Comment 19 Jeff Layton 2008-05-30 13:15:03 UTC
NFS is a bit of a special case in RHCS. Most userspace services do get shut down
on failover. We don't for NFS since nfsd is somewhat of a "shared resource" and
it's possible (though not common) for someone to have NFS shares that are not
clustered mixed with those that are.

The failover case here is also a bit uncommon -- most actual users of RHCS
wouldn't be failing back and forth this quickly. We *do* need to fix this though
since QA does do this when testing and they're an important "customer".

You're quite correct though that this could be a problem for other TCP-based
services if sockets are not closed on failover. We might also consider writing
something about this for the CS docs so that someone setting up a new clustered
service doesn't get bitten by the same thing.


Comment 20 Lon Hohberger 2008-05-30 13:48:54 UTC
re: Comment #17 - I could be wrong about that, and for now, we'll go with the
assumption that I _am_ wrong.  If for some reason, I turn out to be correct,
we'll address that later.

re: comment #19 - It's not so much mixed clustered+local NFS that I'm worried
about, it's more "two NFS services" which are sharing a node for some reason. 
It also definitely sounds like a case which could potentially be hit on other
services, but I can't come up with any cases.

Generally, services require separate instances of daemons specific to that
service and we don't recommend/test running a single httpd listening on
INADDR_ANY.  Rather, we generally tell people to have per-service instances of
when possible - listening on specific IP addresses - likely for this very reason.

Is there a way to make a kernel nfsd thread that's bound to a specific set of IP
addresses?





Comment 21 Lon Hohberger 2008-05-30 13:52:04 UTC
Whoops, refactor P3 so it's readable:

We don't recommend/test (for example) running a single httpd listening on
INADDR_ANY.  Rather, we tell people to have per-service instances of various
daemons listening on service-assigned IP addresses.

This generally avoids the problem we encountered with nfsd.


Comment 22 Jeff Layton 2008-06-01 20:29:02 UTC
> Is there a way to make a kernel nfsd thread that's bound to a specific set of IP
> addresses?

Unfortunately, no...

Comment 23 Jeff Layton 2008-06-10 19:54:16 UTC
Posted a question about this upstream with a rough outline of a proposal to fix
it. It generated quite a lot of interest! Some high points:

1) we should try to make a single interface that we call into for failover. The
"unlock_ip" stuff went upstream recently that can be used to just unlock locks
that have come in via a particular IP address. That should be extended (and
maybe renamed) to close sockets as well. We may need it to do other things.
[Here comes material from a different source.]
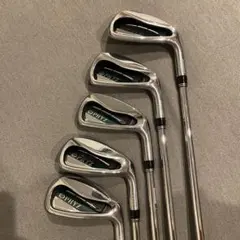 良品　ブリヂストン　ファイズ　レディースアイアンセット　未使用/ナイキ　5ut 良品 ブリヂストン ファイズ レディースアイアンセット 未使用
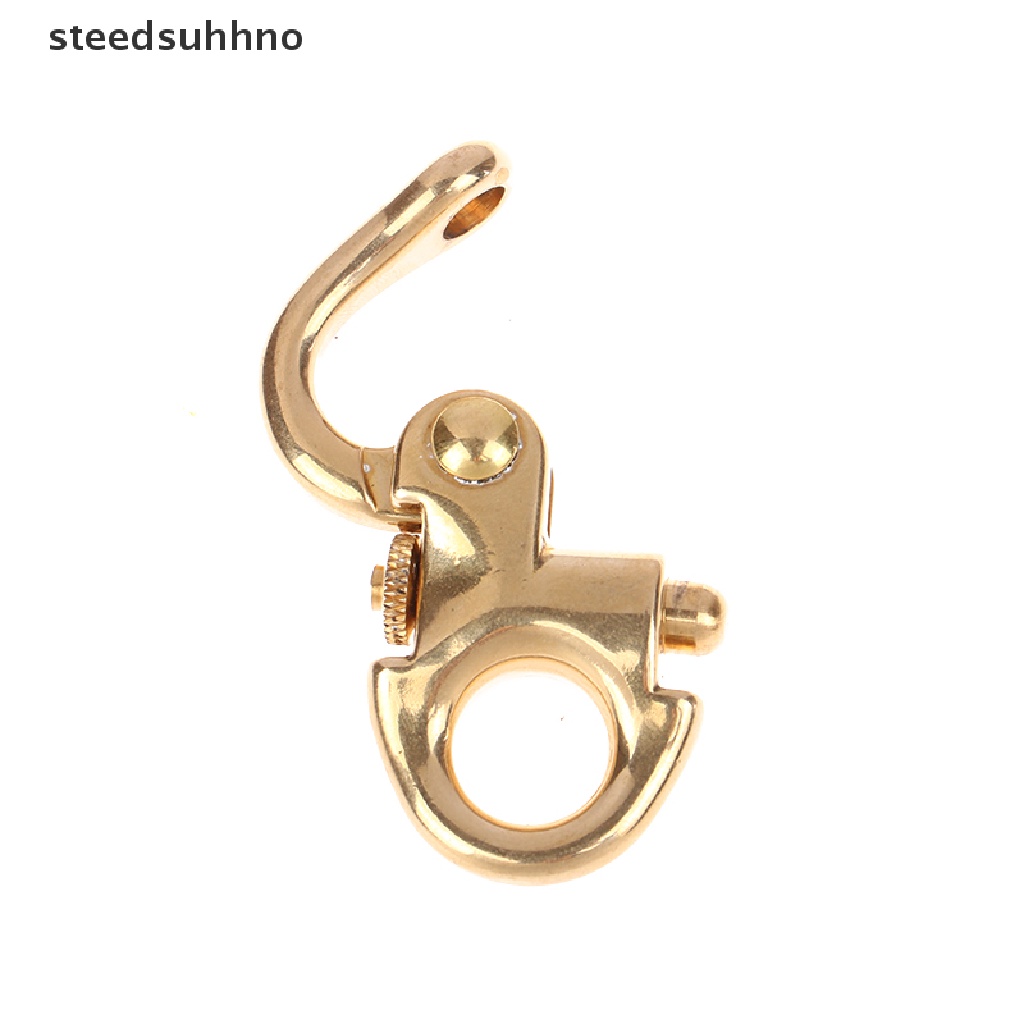 Khóa Cài Bằng Đồng Thau Cứng Cho Móc Khóa / Dây Đai / Túi Xách hhno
2) simply closing the socket probably won't be sufficient. A possible scenario:

We get a non-idempotent request (say, a rename or unlink). The server gets the
call, and does the change on the local filesystem. But, before we can send the
reply back, the sockets are closed, and the local address is torn down so no
reply is sent.

The other server takes over the filesystem and IP address, etc. The client
retransmits the request after reestablishing the connection, but now the request
fails. The file has already been renamed or unlinked, etc...

Truthfully, we may already be vulnerable to this problem. It's not clear to me
that we can ever eliminate this race 100%. It's possible for the server to crash
or lose network connectivity after getting and processing a request but before
sending the reply.


Comment 24 Jeff Layton 2008-06-10 20:05:34 UTC
I think the simplest thing to do here is to just stop nfsd prior to taking down
the IP address, and then to start it up again after the address is gone. That
should make sure that all requests are flushed out.
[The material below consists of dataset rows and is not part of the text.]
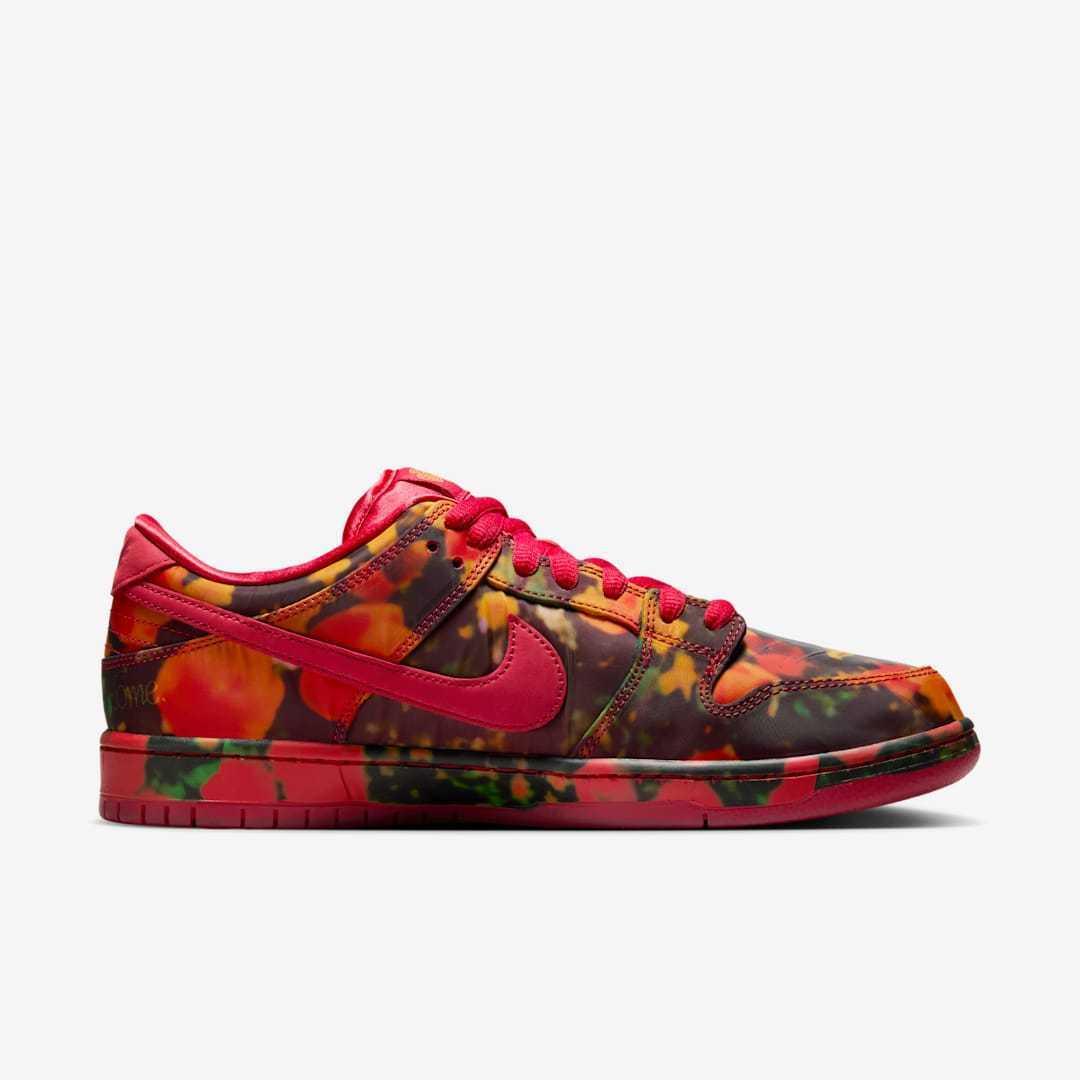 12月23日発売！オズの魔法使いとコラボしたSBダンクが登場！The Wizard of Oz × Nike SB Dunk Low "Poppy Field"スニーカー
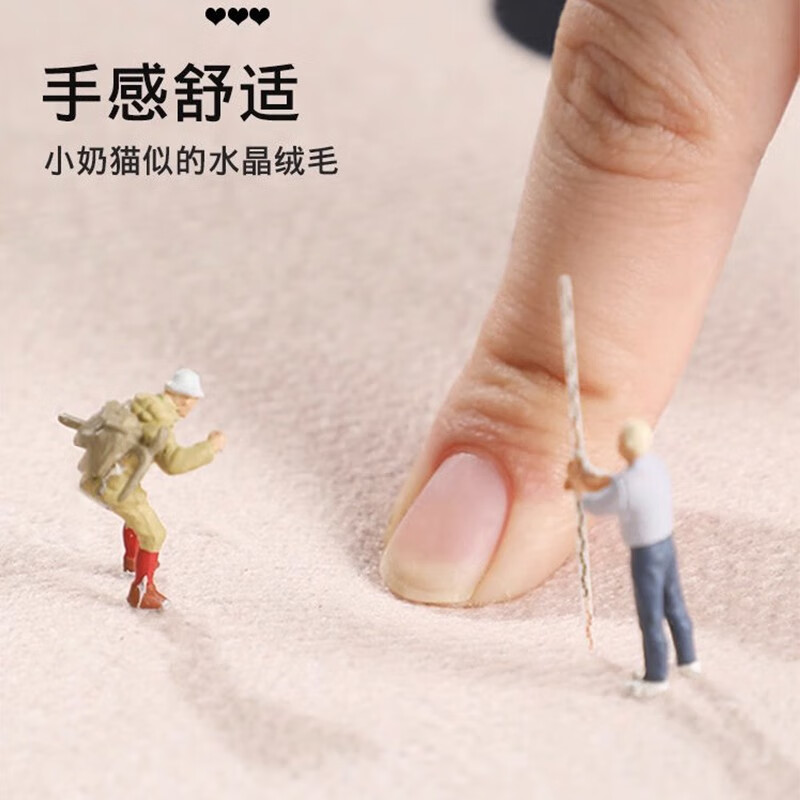 金玉铭川地毯客厅北欧轻奢现代简约卧室茶几沙发毯满铺加厚防滑垫子可定制 FS-T132 120X160 cm【超值床边毯】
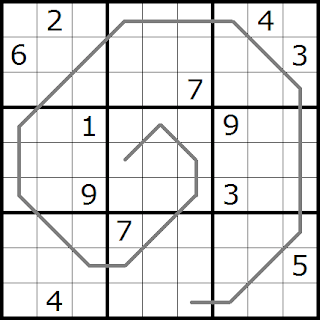 Sudoku palindromico 2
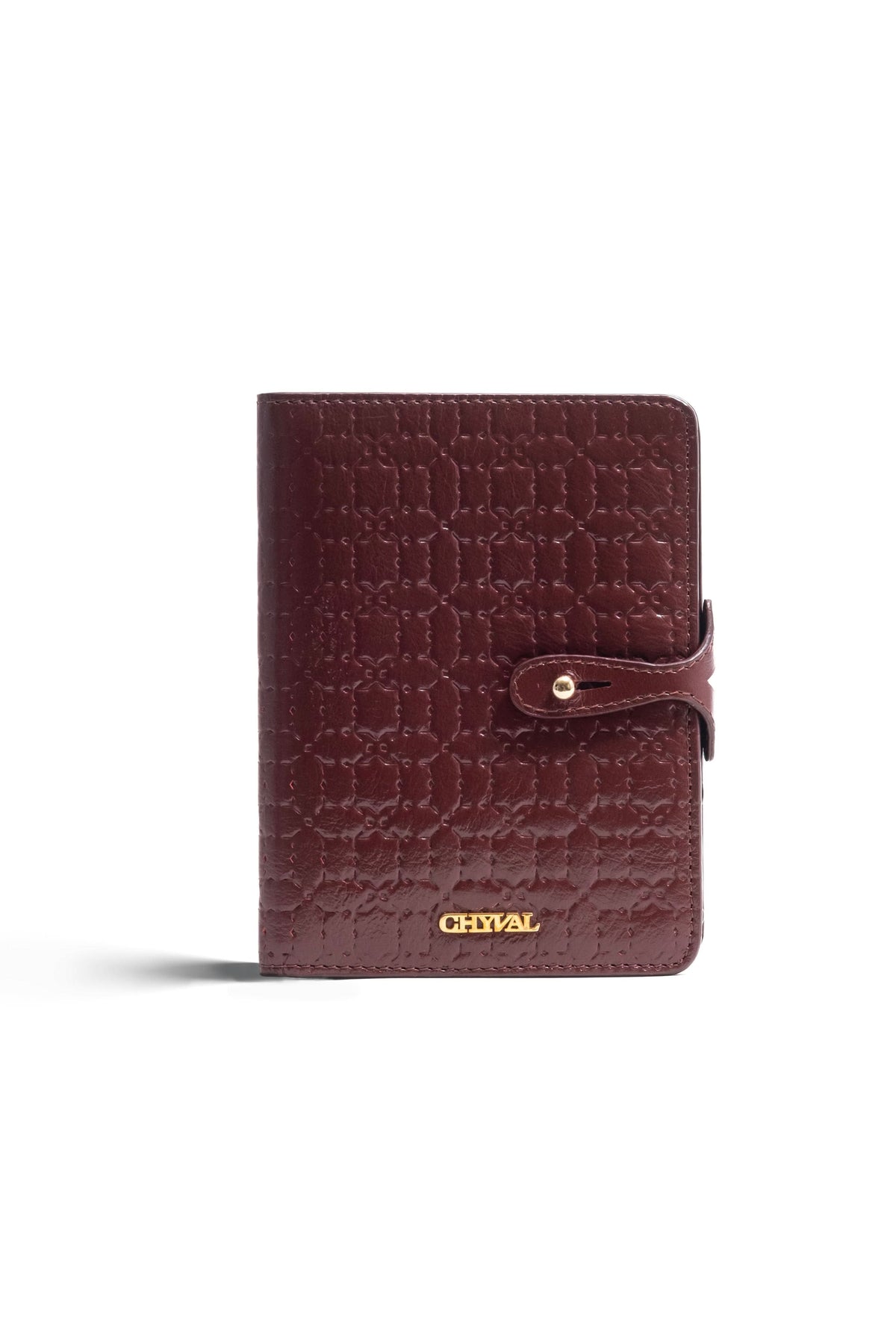 Travel Maxi Passport - Maroon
Clients should transparently recover if they happen to hit the server after nfsd
has gone down, but before the address has been removed.

It's not an ideal solution, but it's entirely doable from userspace. I don't see
much in the way of advantages to trying to do something special in kernel for
this. Perhaps if we want to take advantage of unlock_ip then we'll want to think
about this differently.

So to roughly hash this out, on failover:

On "old" server:
pkill -2 nfsd
remove ip address from interface
start up nfsd again
pkill -9 lockd

...the "new" server should behave more or less as it does today.


Comment 26 RHEL Program Management 2008-06-19 14:20:53 UTC
Development Management has reviewed and declined this request.  You may appeal
this decision by reopening this request. 

Comment 27 Jeff Layton 2008-09-13 19:08:38 UTC
Reassigning this back to Lon. I think we understand at least this problem now, but I don't see upstream getting any sort of interface to close open sockets here. I think the best thing to do is something like I explained in comment #24. Alternately we could consider a blurb in the docs about this problem and just tell people not to fail over and back rapidly to avoid it...

Comment 28 Lon Hohberger 2008-12-09 21:38:48 UTC
There are two cases:

(a) 2+ NFS services are running on a cluster node.  Stopping one (incl. killing nfsd) will affect the other - clients of the *other* service will suddenly get ESTALE.  To prevent ESTALE on clients of the *other* NFS service, we will need to:

 * stop all NFS services
 * kill lockd / nfsd / etc.
 * start lockd / nfsd / etc.
 * start all but the NFS service we wanted to stop

This solution is sub optimal at best (clients lose access temporarily), and destabilizing at worst (this will require a pretty decent design to fix).  I might have a way to fix it, but it's not well tested and not in RHEL5.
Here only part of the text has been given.